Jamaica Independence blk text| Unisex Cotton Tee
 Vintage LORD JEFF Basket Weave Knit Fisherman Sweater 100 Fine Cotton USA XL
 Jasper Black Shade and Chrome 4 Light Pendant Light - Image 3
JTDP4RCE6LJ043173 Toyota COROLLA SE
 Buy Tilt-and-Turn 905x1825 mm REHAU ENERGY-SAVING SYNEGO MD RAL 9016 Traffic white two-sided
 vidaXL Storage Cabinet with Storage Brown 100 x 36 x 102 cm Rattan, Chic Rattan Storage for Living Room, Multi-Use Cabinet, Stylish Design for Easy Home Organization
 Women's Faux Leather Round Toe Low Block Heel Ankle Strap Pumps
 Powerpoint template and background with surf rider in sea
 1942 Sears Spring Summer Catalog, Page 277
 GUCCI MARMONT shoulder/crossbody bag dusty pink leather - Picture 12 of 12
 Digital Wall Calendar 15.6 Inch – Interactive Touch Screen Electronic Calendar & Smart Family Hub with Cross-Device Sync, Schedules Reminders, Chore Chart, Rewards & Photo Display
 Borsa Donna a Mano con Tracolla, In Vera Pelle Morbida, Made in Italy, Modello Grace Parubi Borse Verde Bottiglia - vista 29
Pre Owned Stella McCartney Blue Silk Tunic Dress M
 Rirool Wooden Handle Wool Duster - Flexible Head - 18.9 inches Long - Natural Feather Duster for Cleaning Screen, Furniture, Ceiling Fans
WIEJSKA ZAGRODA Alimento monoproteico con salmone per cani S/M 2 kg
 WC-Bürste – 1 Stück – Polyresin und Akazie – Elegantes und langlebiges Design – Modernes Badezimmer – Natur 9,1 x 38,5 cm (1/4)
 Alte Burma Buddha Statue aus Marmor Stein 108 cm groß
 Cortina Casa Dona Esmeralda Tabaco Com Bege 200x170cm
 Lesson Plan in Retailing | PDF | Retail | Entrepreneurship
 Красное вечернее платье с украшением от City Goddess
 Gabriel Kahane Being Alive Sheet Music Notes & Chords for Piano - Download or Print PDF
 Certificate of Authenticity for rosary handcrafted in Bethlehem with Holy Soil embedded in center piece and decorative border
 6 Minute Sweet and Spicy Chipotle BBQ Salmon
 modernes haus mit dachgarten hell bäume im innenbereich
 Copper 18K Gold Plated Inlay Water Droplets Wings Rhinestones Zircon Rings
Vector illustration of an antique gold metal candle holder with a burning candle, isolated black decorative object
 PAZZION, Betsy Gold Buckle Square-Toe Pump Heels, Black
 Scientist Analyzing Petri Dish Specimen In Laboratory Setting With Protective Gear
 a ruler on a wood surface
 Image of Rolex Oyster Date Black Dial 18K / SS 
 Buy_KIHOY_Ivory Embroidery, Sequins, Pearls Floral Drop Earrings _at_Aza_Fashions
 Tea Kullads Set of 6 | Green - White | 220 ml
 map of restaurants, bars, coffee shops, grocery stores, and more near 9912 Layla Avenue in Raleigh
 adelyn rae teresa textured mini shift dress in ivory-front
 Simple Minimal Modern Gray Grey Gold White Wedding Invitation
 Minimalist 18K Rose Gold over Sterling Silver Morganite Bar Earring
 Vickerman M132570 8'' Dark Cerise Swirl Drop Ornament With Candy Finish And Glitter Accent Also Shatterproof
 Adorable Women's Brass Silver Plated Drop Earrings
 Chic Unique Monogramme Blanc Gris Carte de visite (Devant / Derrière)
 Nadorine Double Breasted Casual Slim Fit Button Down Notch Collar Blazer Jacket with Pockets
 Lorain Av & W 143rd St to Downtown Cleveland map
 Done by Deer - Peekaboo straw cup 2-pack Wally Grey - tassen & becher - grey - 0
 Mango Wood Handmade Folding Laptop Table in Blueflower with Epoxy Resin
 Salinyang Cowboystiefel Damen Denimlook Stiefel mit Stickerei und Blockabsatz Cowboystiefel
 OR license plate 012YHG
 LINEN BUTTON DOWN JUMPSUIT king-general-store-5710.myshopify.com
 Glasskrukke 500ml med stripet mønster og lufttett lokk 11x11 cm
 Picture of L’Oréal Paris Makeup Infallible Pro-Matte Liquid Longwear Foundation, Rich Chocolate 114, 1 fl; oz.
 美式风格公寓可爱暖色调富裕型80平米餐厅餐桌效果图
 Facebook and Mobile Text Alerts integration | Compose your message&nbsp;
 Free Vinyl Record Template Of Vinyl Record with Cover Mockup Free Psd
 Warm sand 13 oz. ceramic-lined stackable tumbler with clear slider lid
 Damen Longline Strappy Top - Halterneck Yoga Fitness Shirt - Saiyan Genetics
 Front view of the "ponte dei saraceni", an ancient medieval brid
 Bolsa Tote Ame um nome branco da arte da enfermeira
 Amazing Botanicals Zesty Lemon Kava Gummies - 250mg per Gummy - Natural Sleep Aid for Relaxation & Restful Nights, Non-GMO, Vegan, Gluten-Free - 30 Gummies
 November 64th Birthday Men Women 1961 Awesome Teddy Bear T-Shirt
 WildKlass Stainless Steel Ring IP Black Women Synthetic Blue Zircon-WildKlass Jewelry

What you will do: Output exactly one stretch of the listing: from the line containing "Certificate of Authenticity" through the line containing "Minimalist 18K Rose", both end lines included.

Result:
 Certificate of Authenticity for rosary handcrafted in Bethlehem with Holy Soil embedded in center piece and decorative border
 6 Minute Sweet and Spicy Chipotle BBQ Salmon
 modernes haus mit dachgarten hell bäume im innenbereich
 Copper 18K Gold Plated Inlay Water Droplets Wings Rhinestones Zircon Rings
Vector illustration of an antique gold metal candle holder with a burning candle, isolated black decorative object
 PAZZION, Betsy Gold Buckle Square-Toe Pump Heels, Black
 Scientist Analyzing Petri Dish Specimen In Laboratory Setting With Protective Gear
 a ruler on a wood surface
 Image of Rolex Oyster Date Black Dial 18K / SS 
 Buy_KIHOY_Ivory Embroidery, Sequins, Pearls Floral Drop Earrings _at_Aza_Fashions
 Tea Kullads Set of 6 | Green - White | 220 ml
 map of restaurants, bars, coffee shops, grocery stores, and more near 9912 Layla Avenue in Raleigh
 adelyn rae teresa textured mini shift dress in ivory-front
 Simple Minimal Modern Gray Grey Gold White Wedding Invitation
 Minimalist 18K Rose Gold over Sterling Silver Morganite Bar Earring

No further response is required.